La ville ressemble trait pour trait à ce qui est décrit dans le chapitre 1 du nouveau livre de Cane. Des phénomènes innommables se passent dans les rues de ce qui semblait au premier abord la petite ville américaine par excellence. Styles devient la créature de Cane, qui semble avoir fait un pacte avec les Anciens ou quelque autre puissance occulte lovecraftienne. Cane confie à Trent son livre achevé et le renvoie dans le monde réel. Mais sa puissance y a désormais effet, et Trent, bien qu'il se débarrasse du livre, le retrouve toujours à ses côtés. Alors que le livre est publié, il décide de tuer à la hache les lecteurs de Cane. On l'enferme à l'asile. Mais l'apocalypse le rattrape et le libère. Il sort, dans la ville livrée au chaos, entre dans le cinéma adapté du roman. Il regarde le film, composé de diverses séquences que nous avons déjà vues. Trent, pris d'un rire dément, prend conscience qu'il n'est qu'un personnage de film.
C'est une belle parabole sur le pouvoir d'abolition de la réalité propre à la fiction. Paranoïaque, prenant, le scénario est profondément lovecraftien, et l'on suit la détérioration de la santé mentale de Sam Neill (quel acteur magistral !). Et à l'instar de ses nerfs, ceux du spectateur seront mis à rude épreuve par des effets spéciaux faits à la main, mais d'une grande efficacité. La séquence où Styles sort de la voiture d'une façon pas du tout naturelle était un grand traumatisme à mon premier visionnage, et le reste encore à l'heure actuelle. C'est très con à dire, mais vous allez aimer avoir peur.

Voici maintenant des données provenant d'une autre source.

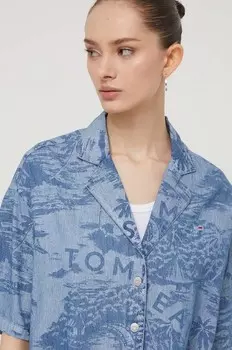 Джинсовая рубашка Tommy Jeans, синий
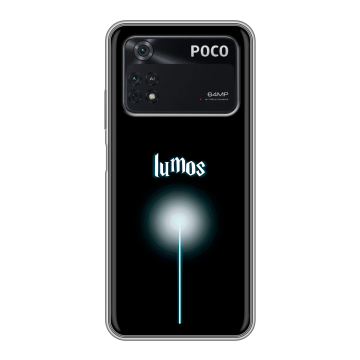 Силиконовый чехол на Xiaomi Poco M4 Pro 4G с принтом Harry Potter Гарри Поттер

Les seconds rôles sont fort chouettes, de la concierge d'hôtel à l'apparition de Charlton Heston en éditeur irresponsable.
La direction artistique est superbe, avec des jeux sur les couleurs ("je vous ai dit que le bleu était ma couleur préférée ?"), sur l'ombre et la lumière fort réussies. La bande-son n'est pas à 100% Carpenter, ce qui change un peu (Le thème de début et de fin est cependant une sorte d'auto-citation proche de la parodie).
Je ne veux pas divulgâcher le contenu, mais c'est une mise en abyme ambitieuse et efficace, et c'est aussi une réflexion sur le montage et le cinéma.
L'antre de la folie n'est pas le plus connu des Carpenter, alors que d'un point de vue artistique, il est un des plus aboutis. C'est un Prince des ténèbres qui ne serait pas fauché. Bien qu'il contienne des images très puissantes, il repose moins sur la seule force iconique des films avec Kurt Russell et fait davantage la part belle à la narration.